DATA FOR THE TASK >>
-- Opening Marker --

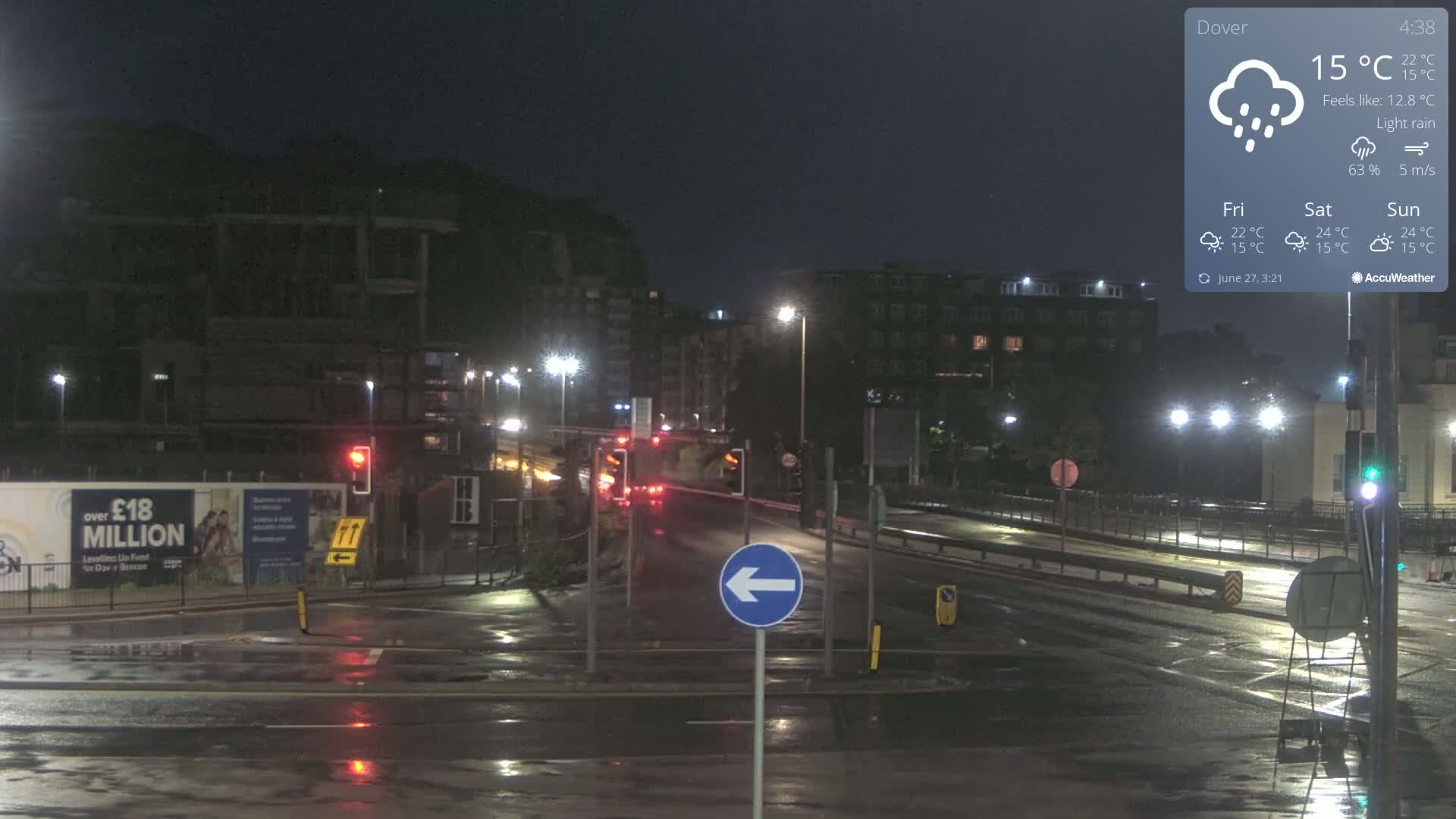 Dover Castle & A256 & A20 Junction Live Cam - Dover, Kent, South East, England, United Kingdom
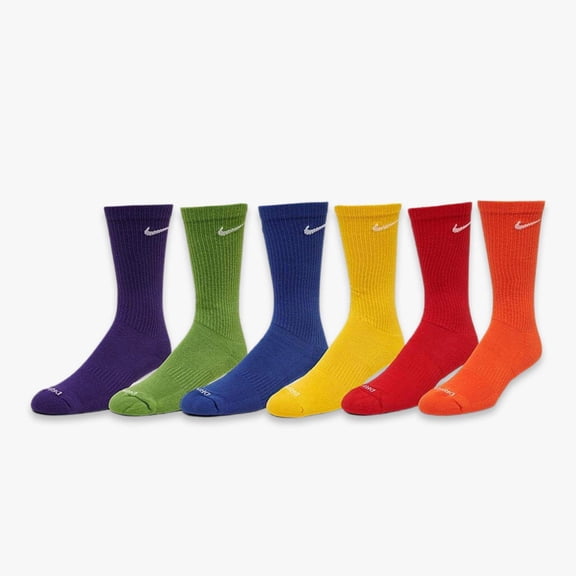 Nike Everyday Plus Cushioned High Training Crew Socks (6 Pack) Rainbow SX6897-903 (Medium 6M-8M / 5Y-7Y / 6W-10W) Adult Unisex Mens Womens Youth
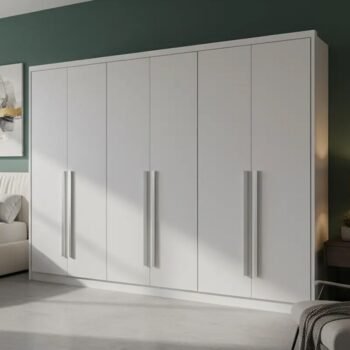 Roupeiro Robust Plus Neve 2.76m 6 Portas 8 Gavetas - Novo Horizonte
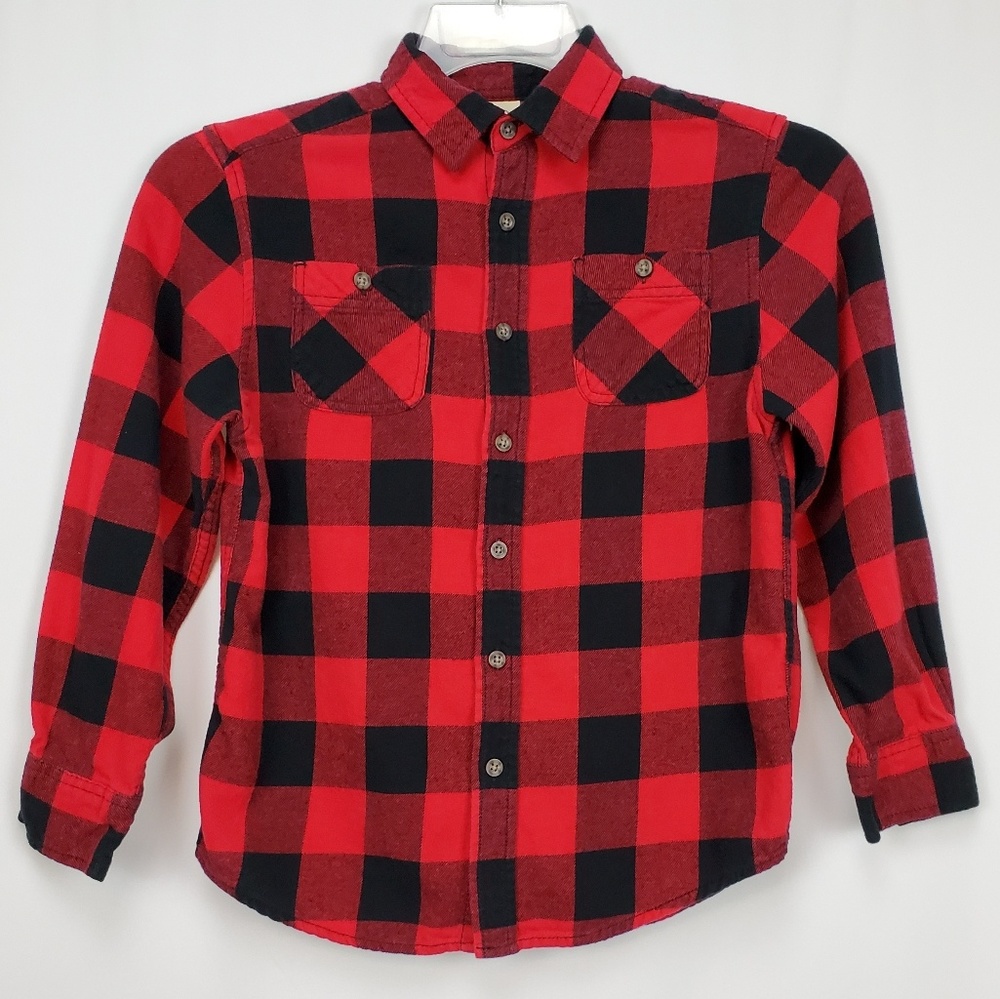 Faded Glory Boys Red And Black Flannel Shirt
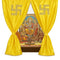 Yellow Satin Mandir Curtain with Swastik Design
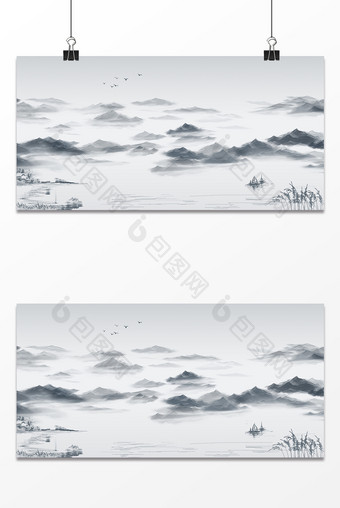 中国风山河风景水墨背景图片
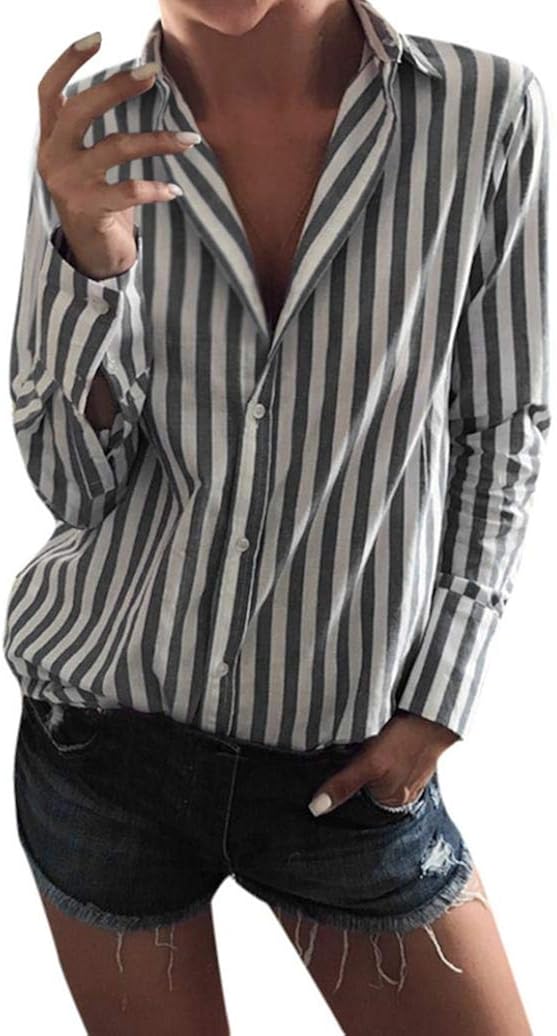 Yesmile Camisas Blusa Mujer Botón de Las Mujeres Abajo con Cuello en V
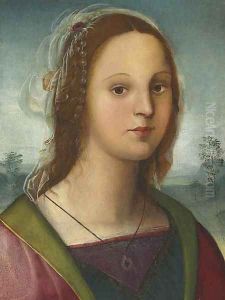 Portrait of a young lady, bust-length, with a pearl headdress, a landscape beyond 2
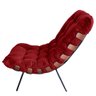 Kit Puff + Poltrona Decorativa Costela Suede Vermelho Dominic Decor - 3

-- Closing Marker --
-- Opening Marker --

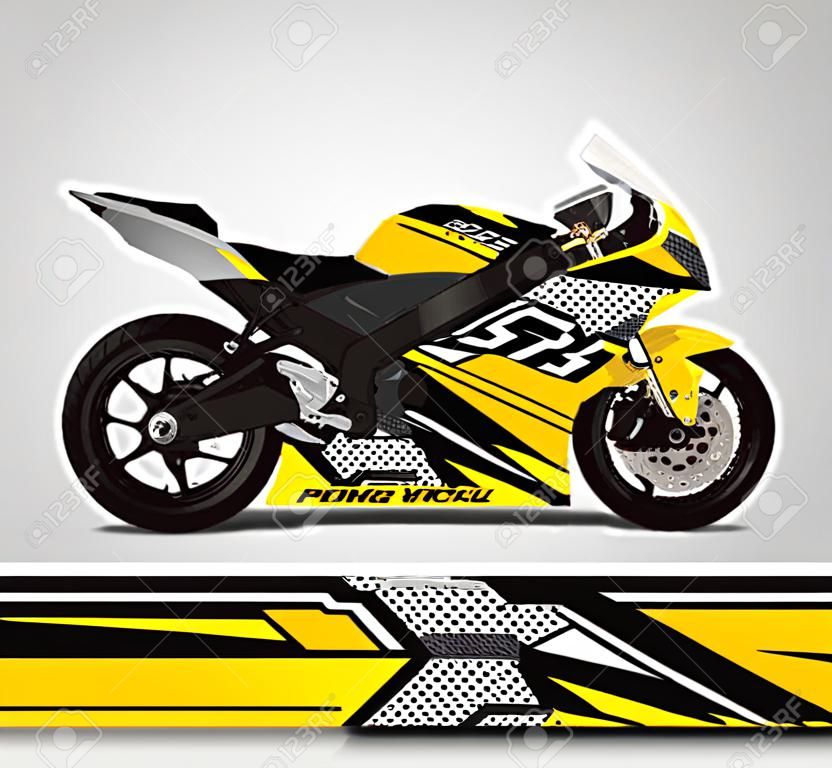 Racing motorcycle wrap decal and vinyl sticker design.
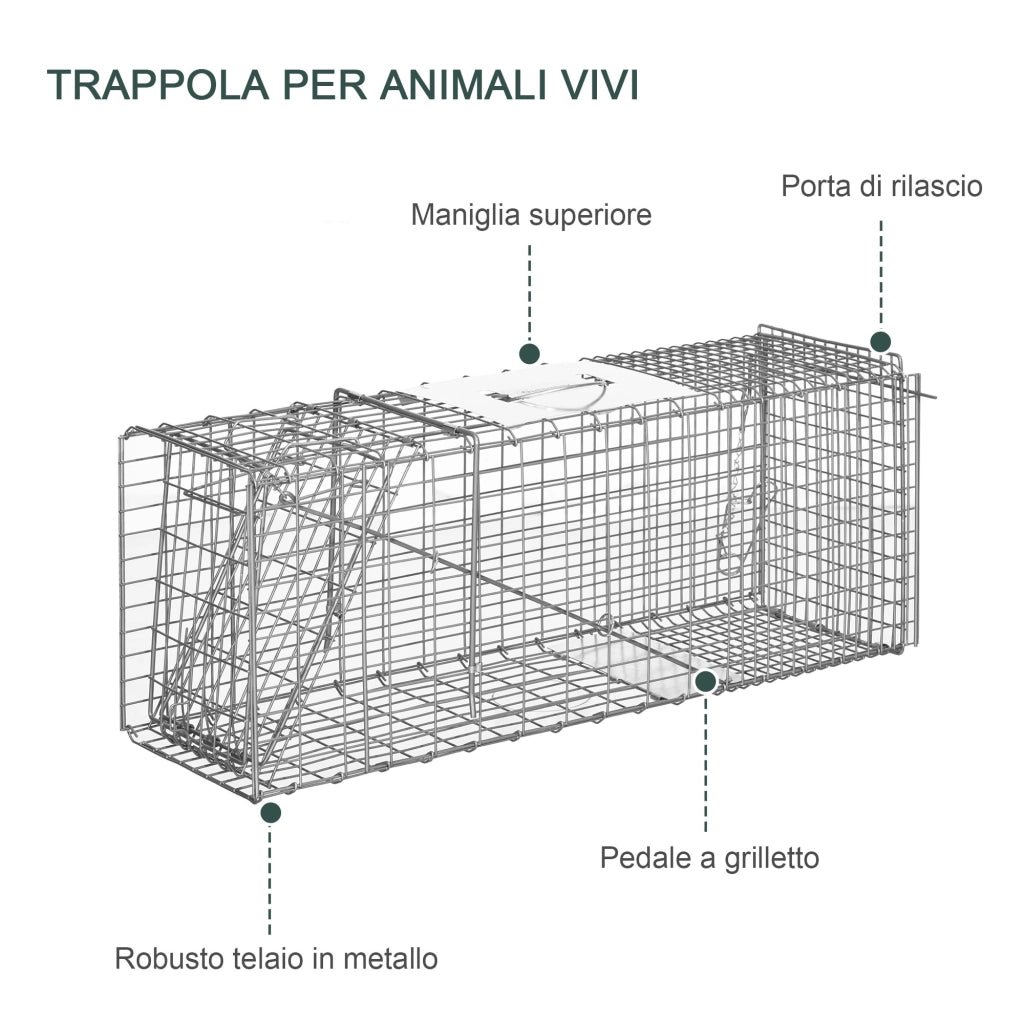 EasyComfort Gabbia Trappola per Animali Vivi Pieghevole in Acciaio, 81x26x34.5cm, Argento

-- Closing Marker --
-- Opening Marker --

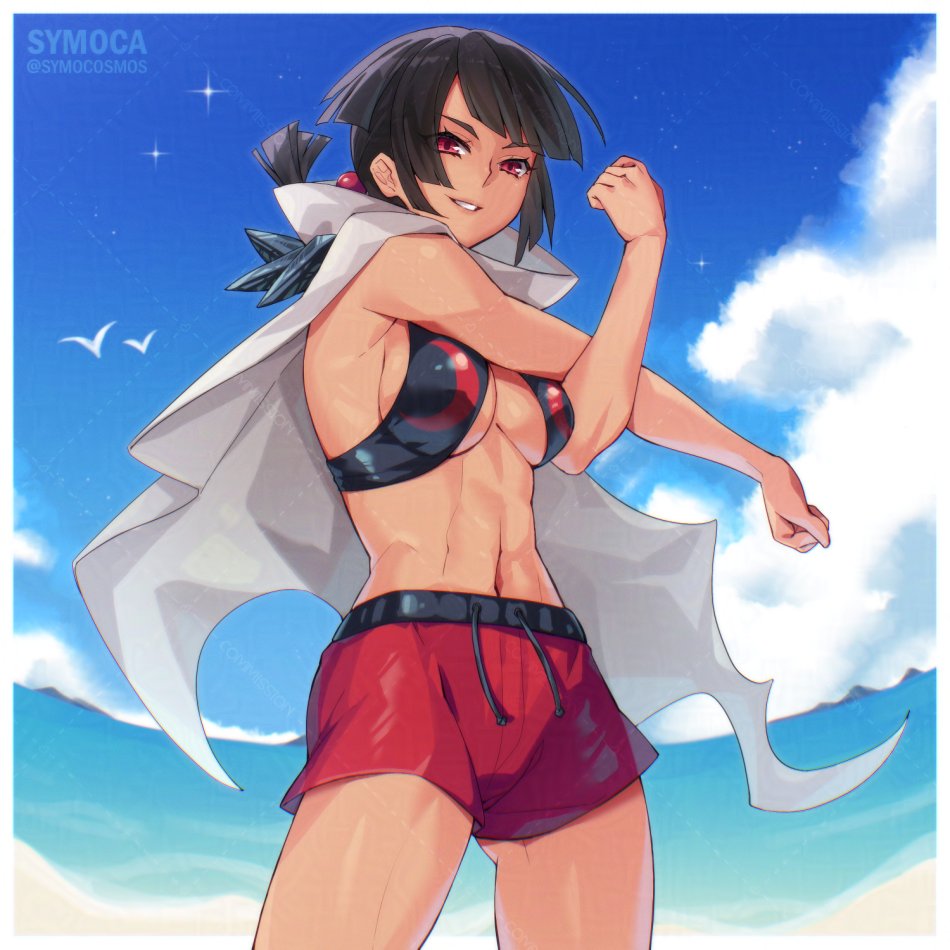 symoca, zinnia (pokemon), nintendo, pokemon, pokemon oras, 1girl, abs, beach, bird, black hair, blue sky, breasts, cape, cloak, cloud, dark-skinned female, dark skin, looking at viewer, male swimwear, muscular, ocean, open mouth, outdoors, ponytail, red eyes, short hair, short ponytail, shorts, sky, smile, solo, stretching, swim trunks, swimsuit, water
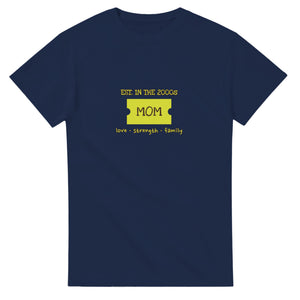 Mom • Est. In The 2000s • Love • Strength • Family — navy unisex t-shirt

-- Closing Marker --

Nothing but the lines above from the line with "Yellow Satin Mandir" up to and including the line with "Kit Puff + Poltrona" should be returned, exactly as written and without pictures.

 Yellow Satin Mandir Curtain with Swastik Design
 中国风山河风景水墨背景图片
 Yesmile Camisas Blusa Mujer Botón de Las Mujeres Abajo con Cuello en V
 Portrait of a young lady, bust-length, with a pearl headdress, a landscape beyond 2
 Kit Puff + Poltrona Decorativa Costela Suede Vermelho Dominic Decor - 3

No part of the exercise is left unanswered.